Millennium Post

Skeletons rattle in BCCI closet

Skeletons rattle  in BCCI closet
With the CEO of the Chennai Super Kings, Gurunath Meiyappan, son-in-law of the franchise owner and current BCCI president N Srinivasan, under the scanner, the sleaze-ball that is the Indian Premier League just got laden with more murk. Ever since the issue of spot-fixing within the league has come into national spotlight, not a day passes without a fresh revelation involving players, franchise owners, Bollywood actors and above all, the bookies, whose names are tumbling out of the ample cupboard of sordidness, which the IPL has transmogrified into. The luxury cruise ship of the league has evidently run into waters choppier than expected, with a whirlpool of exposures and allegations making the joyride extremely unpleasant for those who wanted to make ‘a killing’ by partaking in illicit betting rackets. With numerous bookies, flowing alcohol and unaccountable monetary transactions sustaining the league’s dodgy underbelly and helping maintain its euphoric bubble of cricketing carnivalesque, it was time that all the froth was separated from the actual scum that is floating onto the surface of the cesspool. With the arrested actor Vindoo Dara Singh clearly indicating it was under Meiyappan’s instructions that he acted as the middleman between bookies and the tainted CSK prince, the dirt has hit those occupying the highest thrones in the IPL glass palace. Even if Gurunath Meiyappan’s deposing before Mumbai police leads to no new disclosures, the fact that he had to concede and agree to a grilling session before the cops is reason enough to believe that the stain on the CSK owner’s and BCCI president’s garb will be very hard to wash off. 

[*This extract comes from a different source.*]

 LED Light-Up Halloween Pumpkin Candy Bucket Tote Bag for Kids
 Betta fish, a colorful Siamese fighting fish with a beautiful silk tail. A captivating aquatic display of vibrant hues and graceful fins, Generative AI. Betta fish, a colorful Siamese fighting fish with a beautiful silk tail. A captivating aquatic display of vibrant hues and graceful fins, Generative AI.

While the shadow cast by sleaze trail of betters and racketeers gets longer by the day, the kingpins can no longer remain in their safe havens. As the exit of the BCCI president N Srinivasan becomes imminent, with the NCP openly demanding that he’s shown the door and the Sahara group’s Subrata Roy saying that he would stop financing Indian cricket, it is obvious that the CSK players, who have made it to the IPL finals, would be playing under extremely distressing circumstances, for no faults of their own. Clearly, the league has left sporting, in terms of actual cricket played, far behind and has metamorphosed into a giant roulette wheel of money won and lost in sickeningly unscrupulous ways. According to reports, several corporate sponsors, including Pepsi, are now debating whether to stick to the sinking ship that is the IPL bandwagon, as information on thousands of crores lost in the bookie racket surface. Clearly, the frankenstein called Indian Premier League, despite feeding off the toxic media machine of hype, hoopla and hypervisuality, has gulped down more in its foul throat that it can possibly digest.